━━━ Data excerpts ━━━
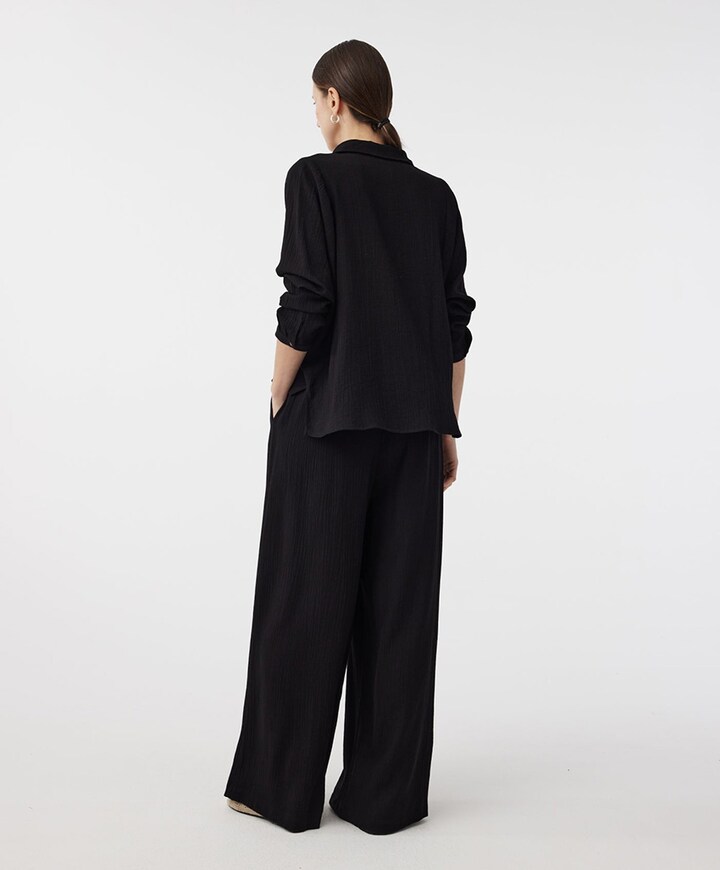 Blouse zwart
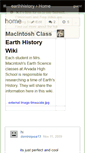 Mobile Screenshot of earthhistory.wikispaces.com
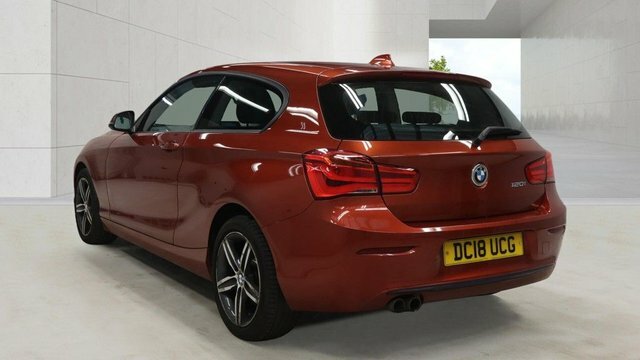 BMW 1 Series 2018 2.0 120I Sport Hatchback Euro DC18UCG Orange #4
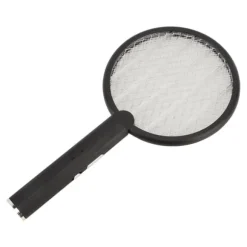 Elektrisk Bug Swatter USB Opladning Rund Flue Killer til Courtyard Kitchen Sort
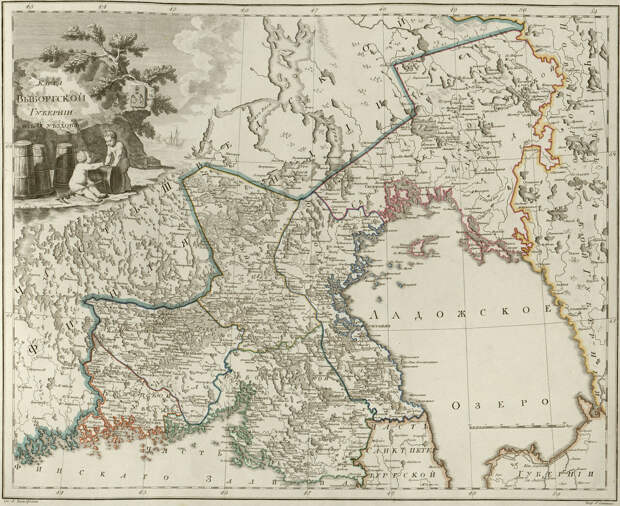 02. Карта Выборгской губернии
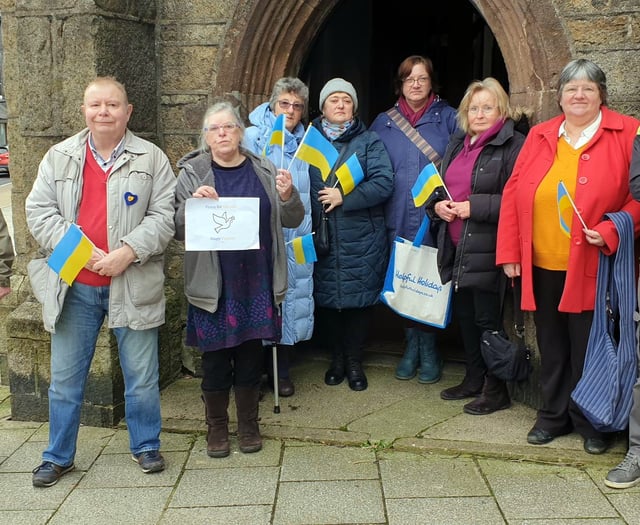 Okehampton marks first anniversary of Ukraine War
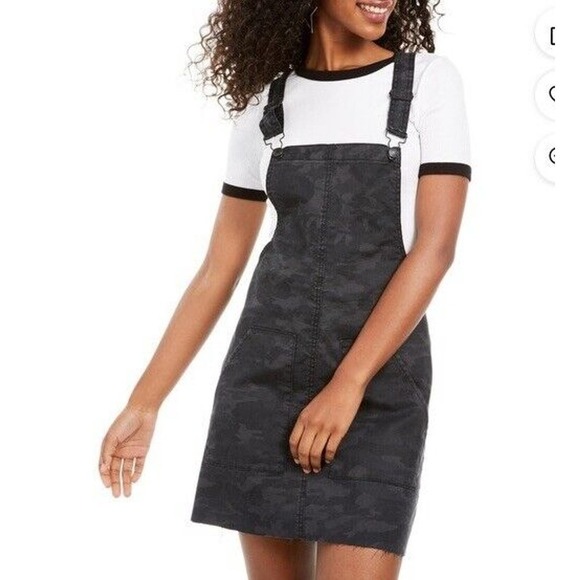 Vanilla Star Juniors' Printed Raw-Hem Camo Skirtall Black Size 1 - Picture 9 of 9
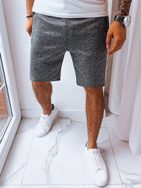 Úžasné pánské šortky v tmavě šedé barvě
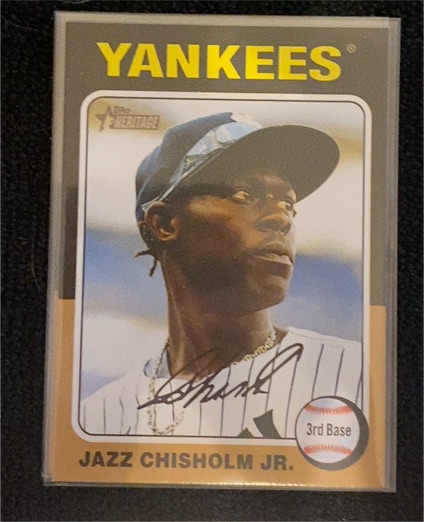2024 Topps Heritage High Number #523 Jazz Chisholm Jr. — front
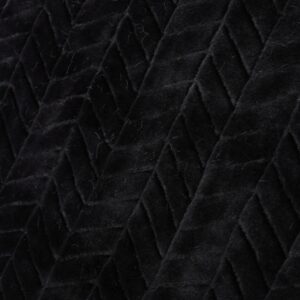 Noble House Toscana Black Faux Fur Throw Blanket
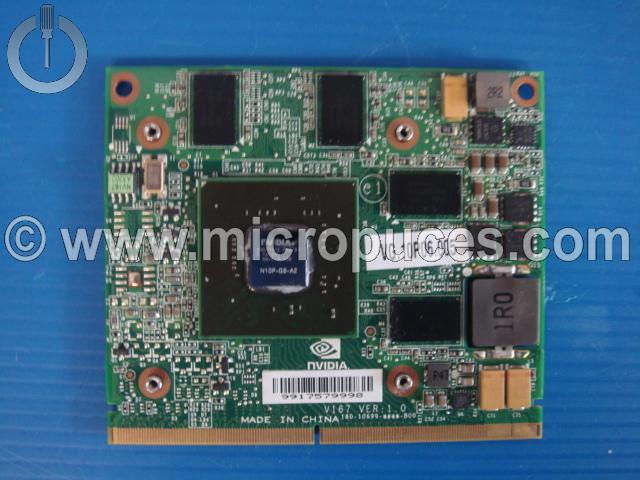 Carte NVIDIA GeForce GT 240M pour Acer Aspire 5739G, 5935G, 7738G, 8735G, 8930G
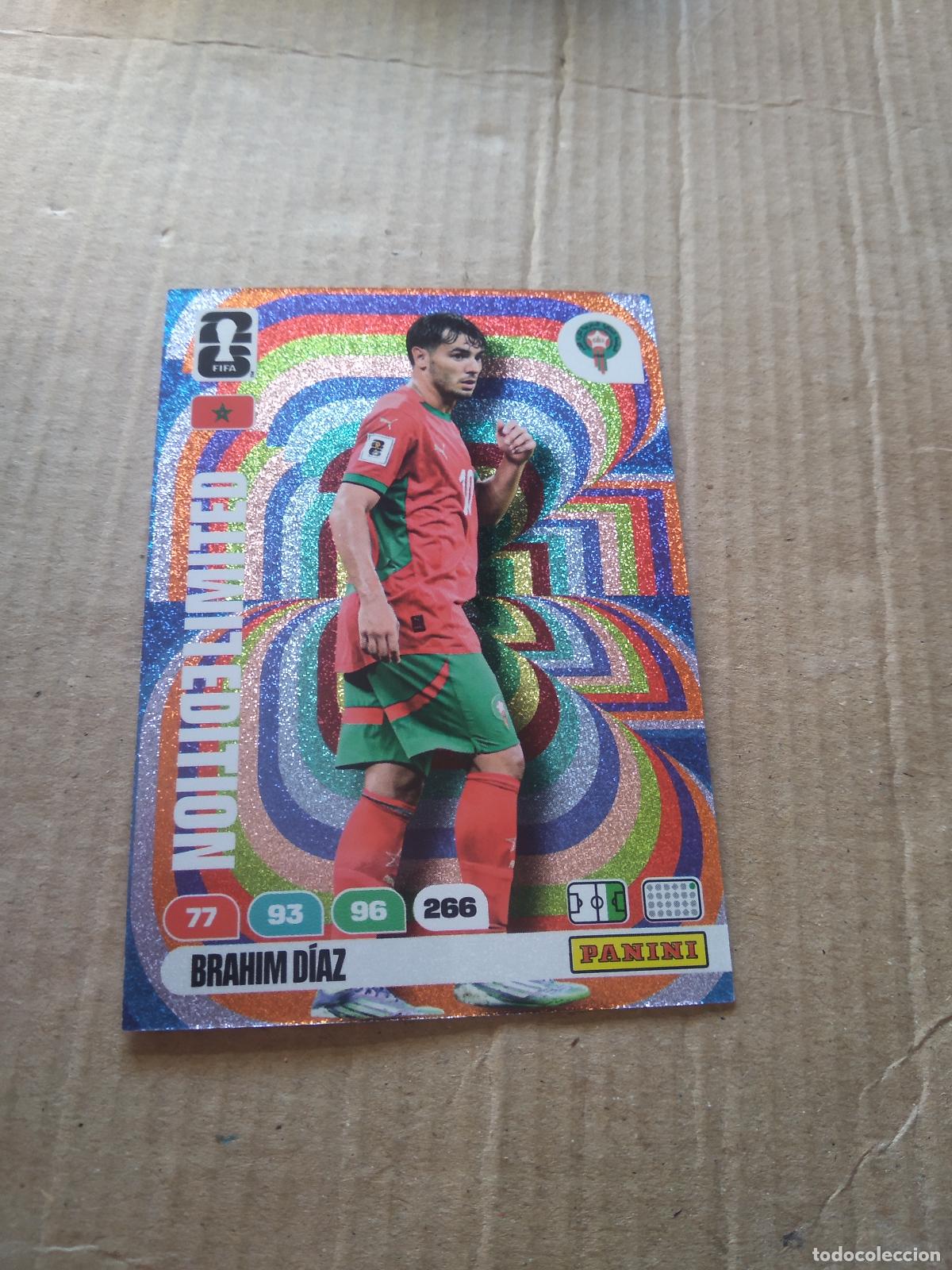 Cromos de f&uacute;tbol: BRAHIM DIAZ MARRUECOS EDICION LIMITADA CROMO FUTBOL PANINI ADRENALYN MUNDIAL 2026 WORLD CUP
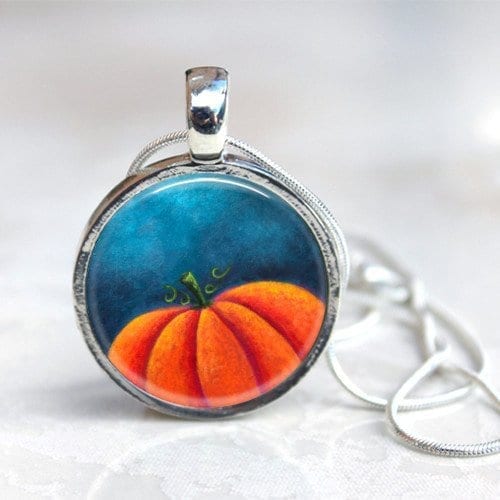 Pumpkin necklace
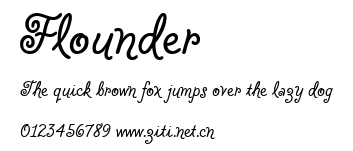 Flounder.ttf字體轉換器圖片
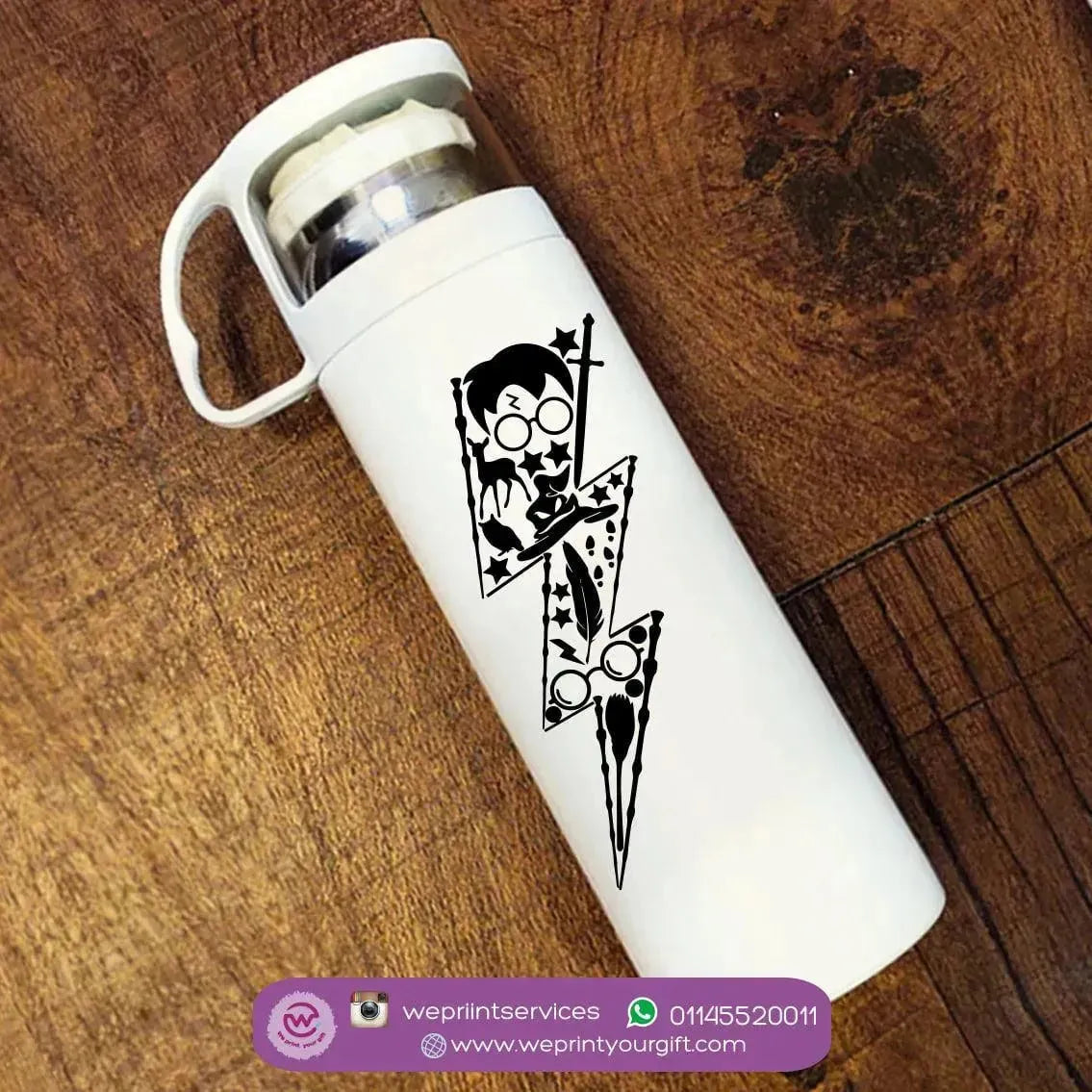 Thermal Thermos With Cup - Stainless Steel - Harry Potter - WE PRINT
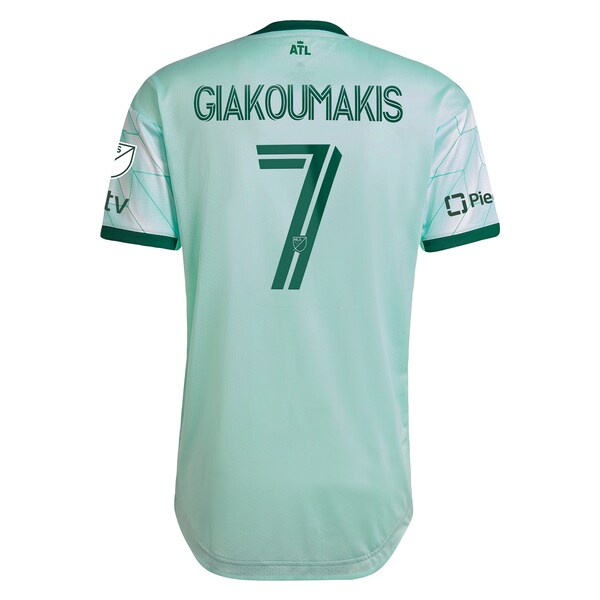 Giorgos Giakoumakis Atlanta United FC adidas 2024 The Forest Kit Authentic Player Jersey - Mint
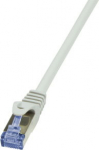 LogiLink patch cable CAT6A S/FTP AWG26 PIMF 50.00m grau
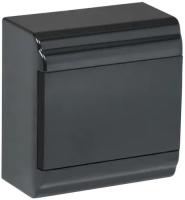 Щит распределительный навесной ЩРН-П-6  модулей черный пластик ИЭК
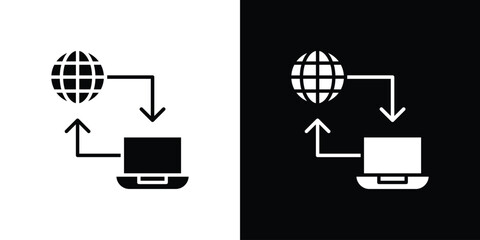 Remote Access icon collection. Flat illustration of vector icon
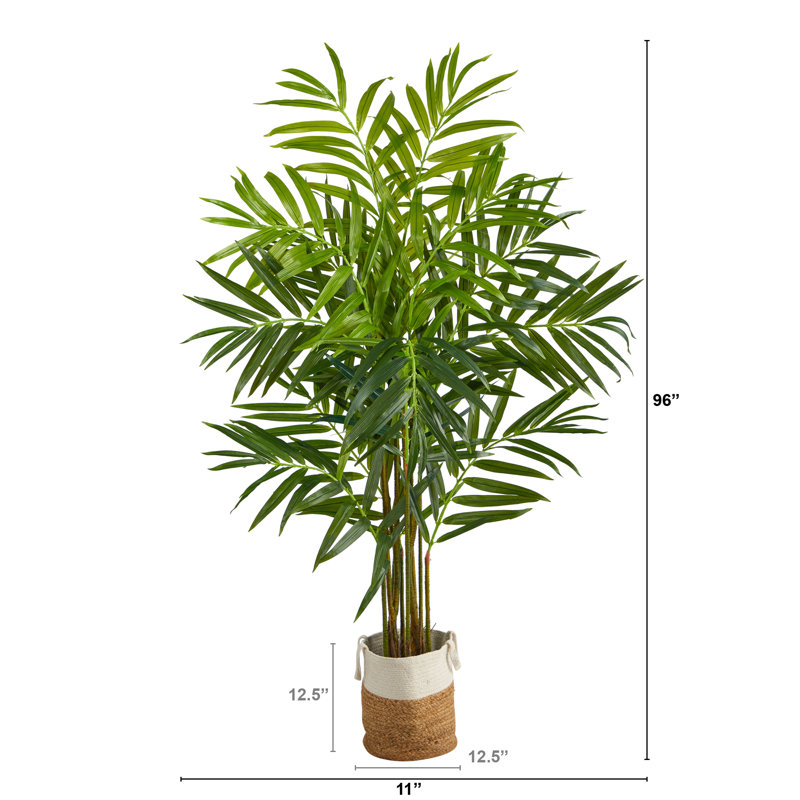 96'' Faux Palm Tree in Cotton Planter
━━━
Only the pictures are to be left out; repeat all other material exactly.

Solution for this exercise =
 Blouse zwart
 Mobile Screenshot of earthhistory.wikispaces.com
 BMW 1 Series 2018 2.0 120I Sport Hatchback Euro DC18UCG Orange #4
 Elektrisk Bug Swatter USB Opladning Rund Flue Killer til Courtyard Kitchen Sort
 02. Карта Выборгской губернии
 Okehampton marks first anniversary of Ukraine War
 Vanilla Star Juniors' Printed Raw-Hem Camo Skirtall Black Size 1 - Picture 9 of 9
 Úžasné pánské šortky v tmavě šedé barvě
2024 Topps Heritage High Number #523 Jazz Chisholm Jr. — front
 Noble House Toscana Black Faux Fur Throw Blanket
 Carte NVIDIA GeForce GT 240M pour Acer Aspire 5739G, 5935G, 7738G, 8735G, 8930G
 Cromos de f&uacute;tbol: BRAHIM DIAZ MARRUECOS EDICION LIMITADA CROMO FUTBOL PANINI ADRENALYN MUNDIAL 2026 WORLD CUP
 Pumpkin necklace
 Flounder.ttf字體轉換器圖片
 Thermal Thermos With Cup - Stainless Steel - Harry Potter - WE PRINT
 Giorgos Giakoumakis Atlanta United FC adidas 2024 The Forest Kit Authentic Player Jersey - Mint
 LogiLink patch cable CAT6A S/FTP AWG26 PIMF 50.00m grau
 Щит распределительный навесной ЩРН-П-6  модулей черный пластик ИЭК
 Remote Access icon collection. Flat illustration of vector icon
 96'' Faux Palm Tree in Cotton Planter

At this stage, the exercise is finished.